Segment Start: DATA SECTION

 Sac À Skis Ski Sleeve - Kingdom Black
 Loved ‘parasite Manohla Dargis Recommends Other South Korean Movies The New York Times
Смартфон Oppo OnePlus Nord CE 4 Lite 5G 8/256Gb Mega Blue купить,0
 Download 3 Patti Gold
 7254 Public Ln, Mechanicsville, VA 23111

Segment End: DATA SECTION
Segment Start: DATA SECTION

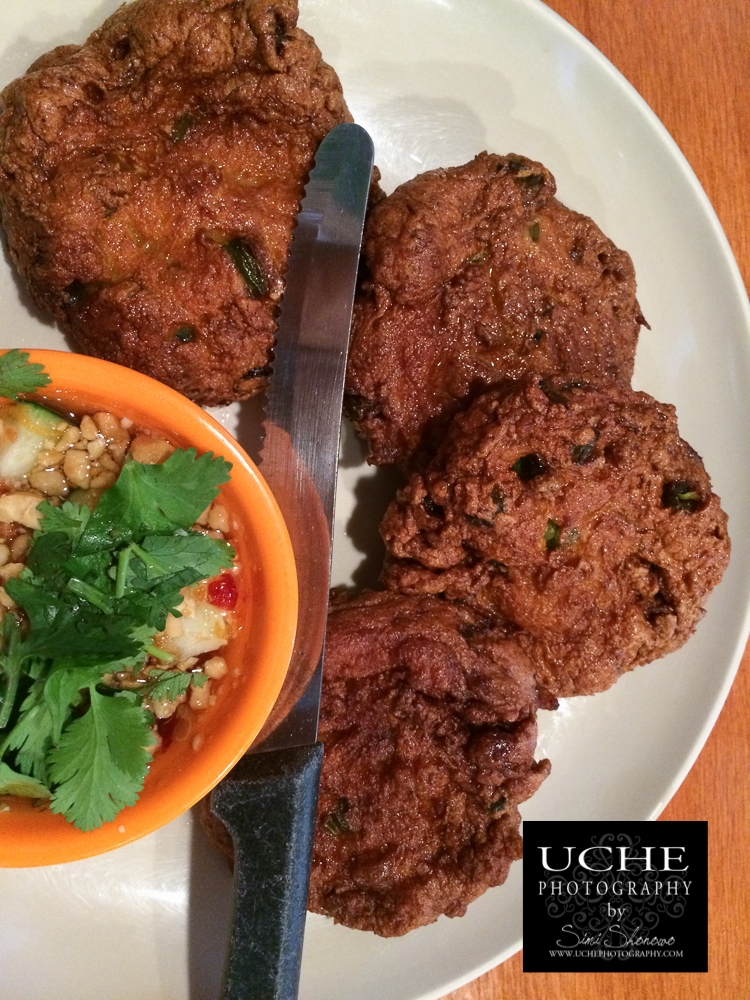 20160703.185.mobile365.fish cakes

Segment End: DATA SECTION
Segment Start: DATA SECTION

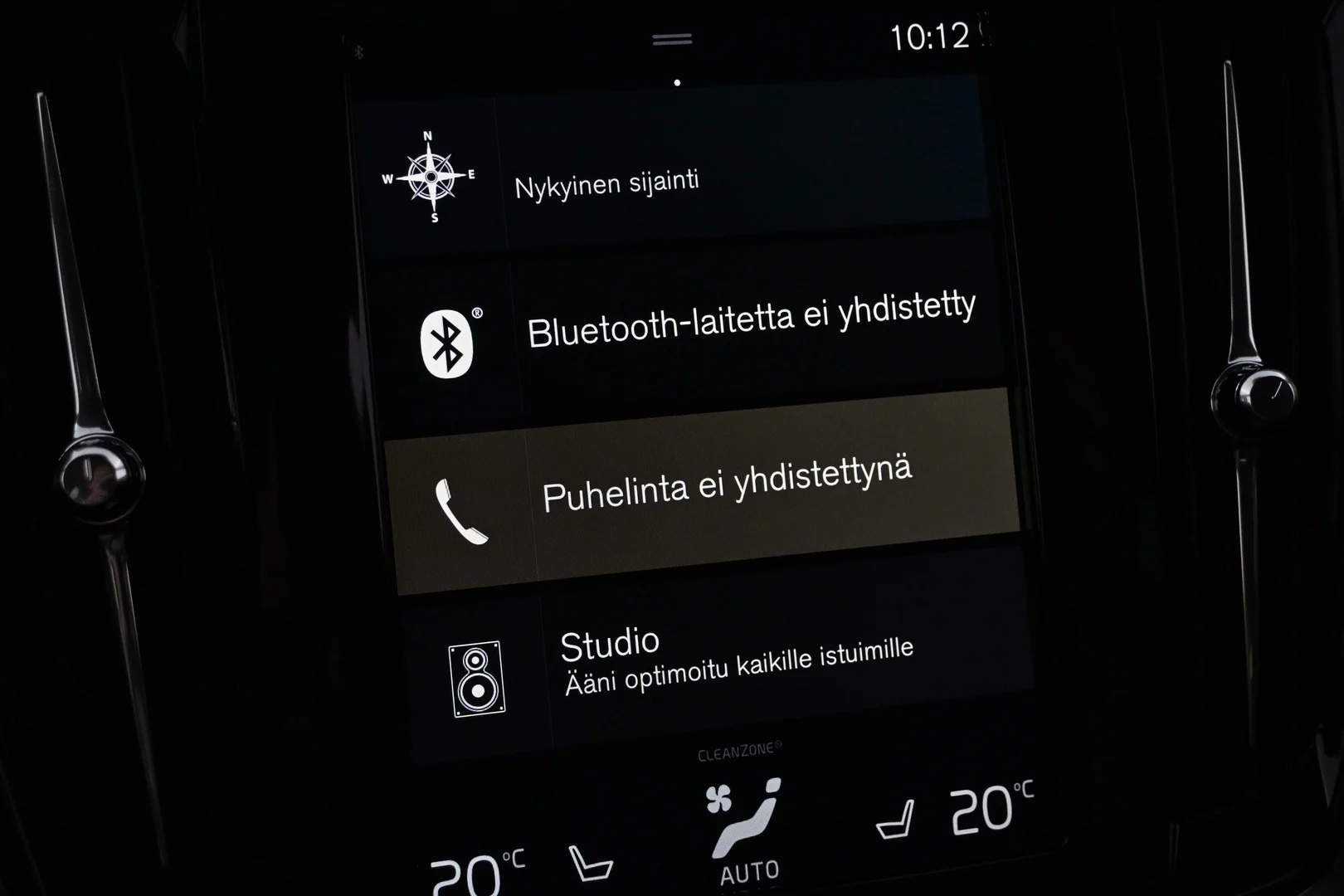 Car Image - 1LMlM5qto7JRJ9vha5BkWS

Segment End: DATA SECTION

WORK ITEM: Take the entries above and return only the lines from the one with "Loved ‘parasite Manohla" to the one with "7254 Public Ln, Mechanicsville, VA 23111", both included, unchanged.

RESPONSE TO THE TASK:
 Loved ‘parasite Manohla Dargis Recommends Other South Korean Movies The New York Times
Смартфон Oppo OnePlus Nord CE 4 Lite 5G 8/256Gb Mega Blue купить,0
 Download 3 Patti Gold
 7254 Public Ln, Mechanicsville, VA 23111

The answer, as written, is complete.